Andres: Hacking and spying in violation of the law does not pay; there are consequences for attacking American companies, and courts in the United States will vindicate the rights of victims, however long that takes. Though companies like Meta and WhatsApp have a global reach, it is important to remember that they are headquartered and have significant infrastructure in California, so attacks on these systems are attacks on the United States that can be redressed in American courtrooms. We hope spyware companies learn that they are risking their business when they set out to hack U.S. companies in order to spy on people around the world.

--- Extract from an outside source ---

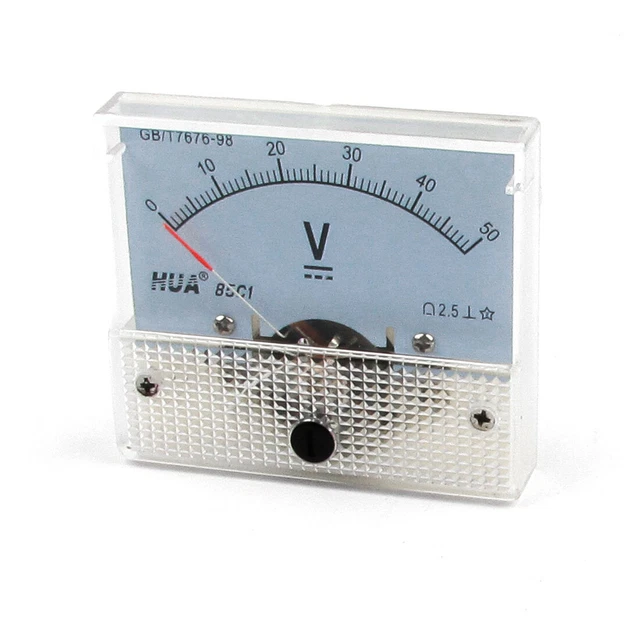 EINBAU VOLTMETER EINBAUINSTRUMENT 0 50V DC Messinstrument Analog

What will you remember most about this matter?
Andres: We were inspired by the dedication of countless Meta and WhatsApp engineers, WhatsApp leadership and the Meta legal team. The engineers who work at Meta and WhatsApp—many of whom were drawn to work at the company because it helps them connect with their friends and family around the world—truly care about the work they are doing and we think the jury understood that commitment and the engineers’ deep concern for their users. WhatsApp leadership showed bravery in sticking with this case for years, despite countless hurdles along the way. And the Meta legal team deserves great credit for not flinching and seeing this litigation to the end.

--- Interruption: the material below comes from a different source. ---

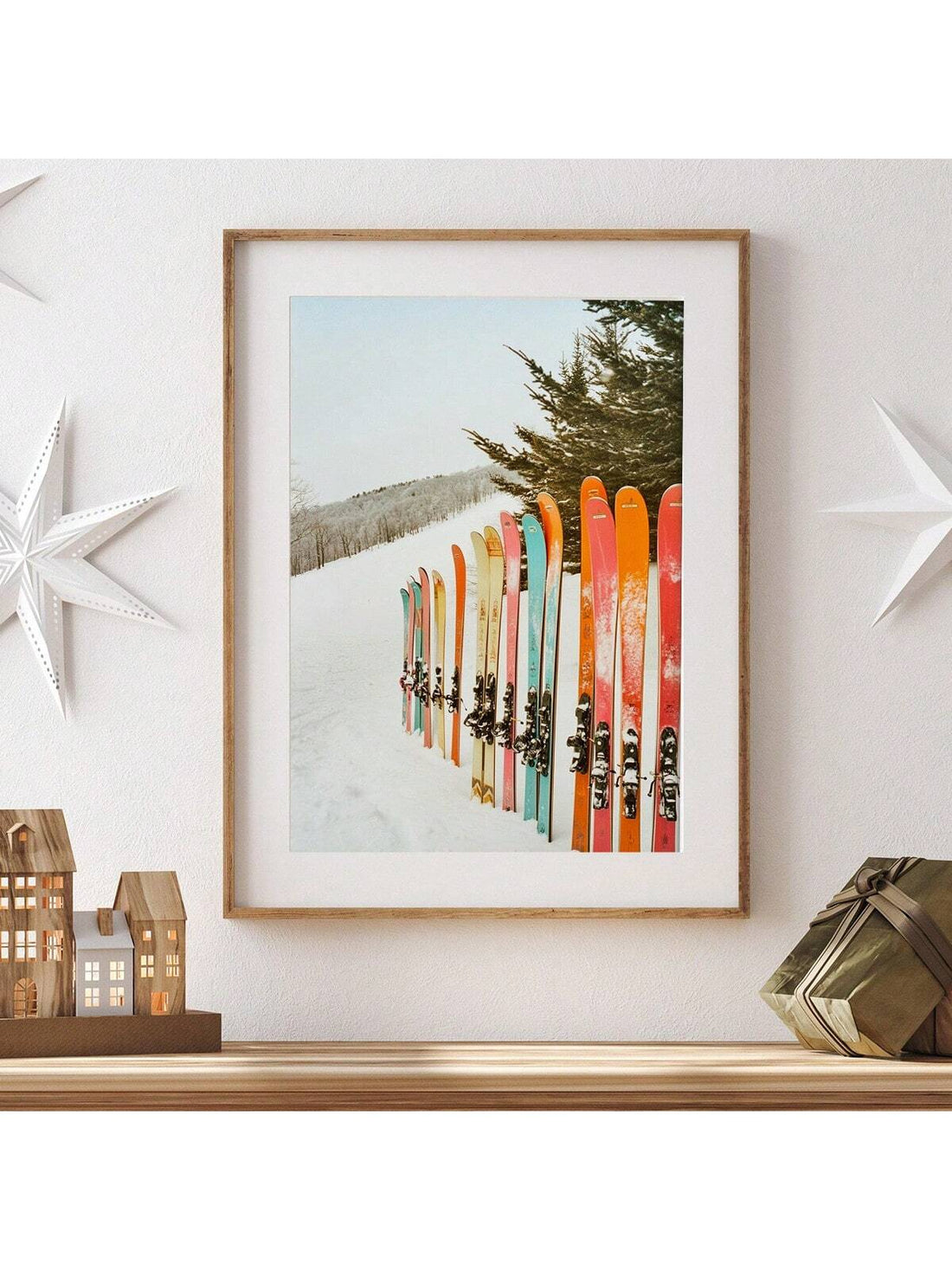 Transform your space with this striking canvas wall art featuring a vibrant, vintage-inspired skiing scene. Perfect for creating a focal point in any room, this modern piece combines bold colors with nostalgic charm, capturing the energy and beauty of winter sports. Ideal for living rooms, offices, or bedrooms, it adds character and warmth to your décor. Whether you're a skiing enthusiast or simply appreciate dynamic artwork, this canvas brings sophistication and visual interest to your walls. An excellent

Perez-Marques: The executive depositions and cross-examinations will stand out for me. Because of the excellent deposition testimony we were able to elicit from NSO’s executives, we faced a key strategic judgment at trial as to how to approach the cross-examinations of those witnesses. Although the jury had already heard nearly two hours of deposition testimony from NSO’s CEO, Yaron Shohat, and NSO’s head of R&D, Tamir Gazneli, we chose to conduct a robust cross-examination of both witnesses at trial, based on the judgment that the jury would benefit from hearing them make the same admissions live in the courtroom, confirming that the deposition video was not some sort of “gotcha” moment. For instance, on the stand, Mr. Gazneli admitted that NSO repeatedly attacked WhatsApp’s servers, that NSO deliberately concealed their activities from WhatsApp, because NSO knew WhatsApp would stop the attacks if they were detected, and that NSO repeatedly re-designed their spyware to evade WhatsApp’s controls. It was also in the course of this cross-examination that Mr. Gazneli slipped and characterized the victims of NSO’s spyware as “not people,” creating a dramatic moment that I will always remember and that I’m sure had an impact on the jury. Mr. Gazneli also acknowledged on the stand the many other applications that NSO’s 140-person R&D group studies and may target in the future, including operating systems, other messaging apps and browsers.

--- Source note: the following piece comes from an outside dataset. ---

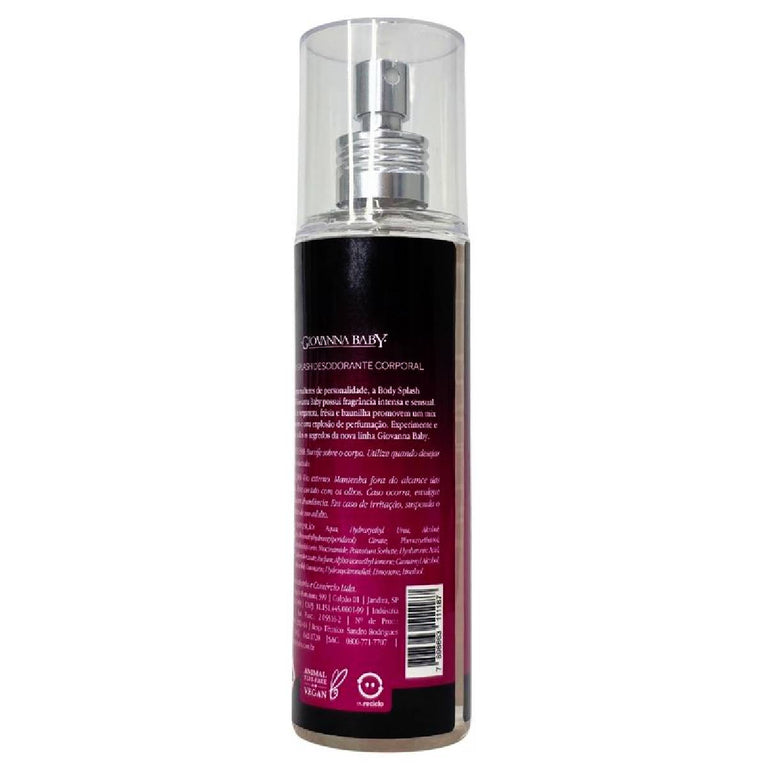 Body Splash Secrets Vegano Giovanna Baby 200ml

Block: From the trial, I will most remember our team’s jury addresses. Tony’s opening was crisp, accurate and compelling—he gave the jury a concise roadmap for what the trial evidence would show, and we were able to follow through on everything he promised to prove. Greg brought it all home in closing and tied the evidence to the jury instructions in a way that the jury found extremely persuasive. From the marathon pre-trial proceedings in this case, I’ll most remember how this case rewarded patience, focus and persistence. We faced down myriad procedural obstacles and discovery barriers to get this case to trial and hold NSO accountable. Credit for that goes first to the patient and courageous team at WhatsApp and Meta who led overall strategy and trusted us with this assignment, and next to the steadfast and extremely effective team at Davis Polk—especially the counsel and associates who lived and breathed this case for years.